Il ne faut pas s'habituer à vivre dans son « silo », sa « bulle », en s'engageant à ne rencontrer qu'un nombre limité d'autres bulles et silos, et encore à condition de pouvoir présenter son passeport sanitaire.

Il ne faut pas s'habituer au cinéma chez soi, au théâtre sur écran, aux concerts improvisés dans leur cuisine par des artistes entre deux rendez-vous au CPAS, aux costumières et couturières confectionnant des masques à titre bénévole ou sous-payé, alors qu'elles sont par ailleurs privées de tout revenu.

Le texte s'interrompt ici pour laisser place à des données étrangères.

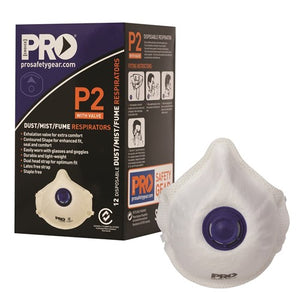 PRO CHOICE PC321  Safety Gear Dust Masks P2+Valve 12 PACK
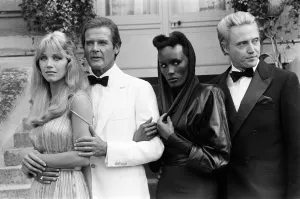 A View to a Kill 1984 James Bond film, Photocall outside The Chateau de Chantilly in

Il ne faudra pas s'habituer à manger, boire un verre, profiter de la mer ou de la campagne, dans des cages de plexiglas en communiquant à travers nos muselières. Il ne faudra pas s'habituer aux voix étouffées, à ce non verbal qu'on ne peut plus capter que dans les mouvements du corps, dans les yeux, à condition de ne pas s'approcher à moins de 1m50.

Il ne faut pas s'habituer aux cours à distance (qui creusent encore les inégalités et larguent une partie des élèves et des étudiant·es), aux apéros à distance, aux manifestations de colère comme d'affection à distance, à toutes ces expressions qui font rimer « distance » et « sécurité », en opposition à « contact » et « risque ».

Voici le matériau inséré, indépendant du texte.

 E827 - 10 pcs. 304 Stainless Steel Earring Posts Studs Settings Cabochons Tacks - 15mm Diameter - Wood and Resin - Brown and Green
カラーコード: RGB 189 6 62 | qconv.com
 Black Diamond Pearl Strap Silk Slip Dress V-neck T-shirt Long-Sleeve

Il ne faut pas s'habituer à d'autres expressions comme cet horrible « gestes-barrières », où la « barrière » cesse de signifier « séparation » pour devenir « protectrice » (1).

Il ne faut pas s'habituer à voir des enfants jouer tout seuls, à un mètre des autres (malgré les commentaires qui s'extasient sur leur maturité), ou à ces petit·es qui ont « spontanément » un mouvement de recul quand des grand-parents s'approchent (malgré les commentaires qui s'extasient sur leur capacité de « compréhension ») (2).

Il ne faut pas s'habituer à infantiliser les seniors, aîné.es, personnes âgées, quel que soit le nom que l'on donne aux vieilles et aux vieux. Ne pas s'habituer à les priver de leurs activités, engagées, solidaires, militantes, bénévoles ou simplement de plaisir, à les isoler pour les préserver de la mort – avec pour résultat de les condamner à mourir seul·es.

Il ne faut pas - et d'ailleurs on ne le pourra jamais - s'habituer à vivre avec dans le corps ces balles de chagrin, parce qu'on aura laissé des êtres aimés souffrir, avoir peur et parfois même mourir sans nous, sans notre main chaude dans la leur ni une caresse apaisante sur leur visage, sans même un regard qui ne soit pas médiatisé par un écran (au mieux).

 

Oui, on subira s'il n'est pas possible de faire autrement, mais non, il ne faudra surtout jamais s'habituer.

 

 

 

(1) Bernard De Vos proposait de le remplacer par « gestes de protection »

(2) Lire à ce sujet la Carte blanche signée par 269 pédiatres, dénonçant le creusement des inégalités et les « effets collatéraux » désastreux de l'isolement, ainsi que des « mesures de protection excessives (comme la suppression des espaces de jeux, l’interdiction aux enfants de jouer entre eux, ou l’impossibilité de consoler un enfant) (....) qui pourraient déboucher sur des situations anxiogènes pour l’enfant, les professeurs et les parents. L’enfant doit pouvoir évoluer, interagir et jouer normalement ».